[Opening Records provided section]

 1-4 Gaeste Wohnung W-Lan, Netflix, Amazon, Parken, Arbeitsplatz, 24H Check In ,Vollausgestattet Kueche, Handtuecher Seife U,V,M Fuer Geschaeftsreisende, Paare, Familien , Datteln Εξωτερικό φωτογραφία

[Closing Records provided section]
[Opening Records provided section]

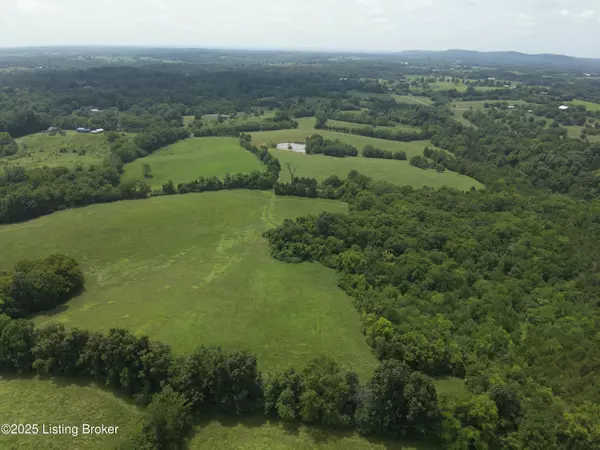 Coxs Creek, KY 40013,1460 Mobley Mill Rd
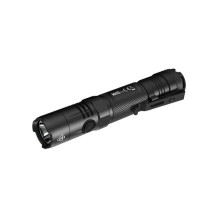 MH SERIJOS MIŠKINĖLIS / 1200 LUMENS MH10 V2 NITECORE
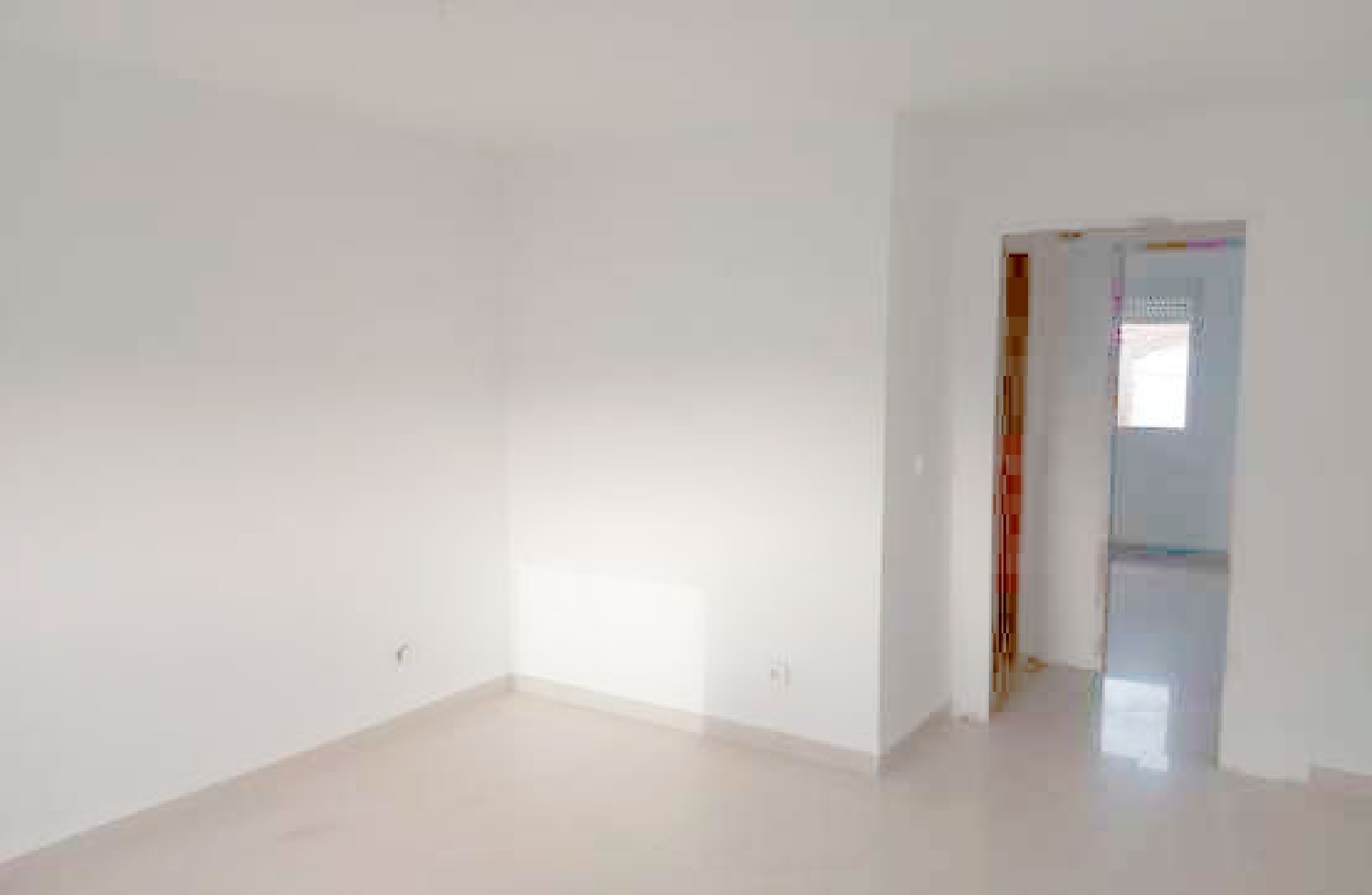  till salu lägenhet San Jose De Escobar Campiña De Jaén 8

[Closing Records provided section]

:: What the exercise asks ::
Reproduce the listing above only between the lines holding "Coxs Creek, KY 40013,1460 Mobley Mill Rd" and "till salu lägenhet", inclusive. Every line must match exactly, and pictures are dropped.

:: Answer section ::
 Coxs Creek, KY 40013,1460 Mobley Mill Rd
 MH SERIJOS MIŠKINĖLIS / 1200 LUMENS MH10 V2 NITECORE
  till salu lägenhet San Jose De Escobar Campiña De Jaén 8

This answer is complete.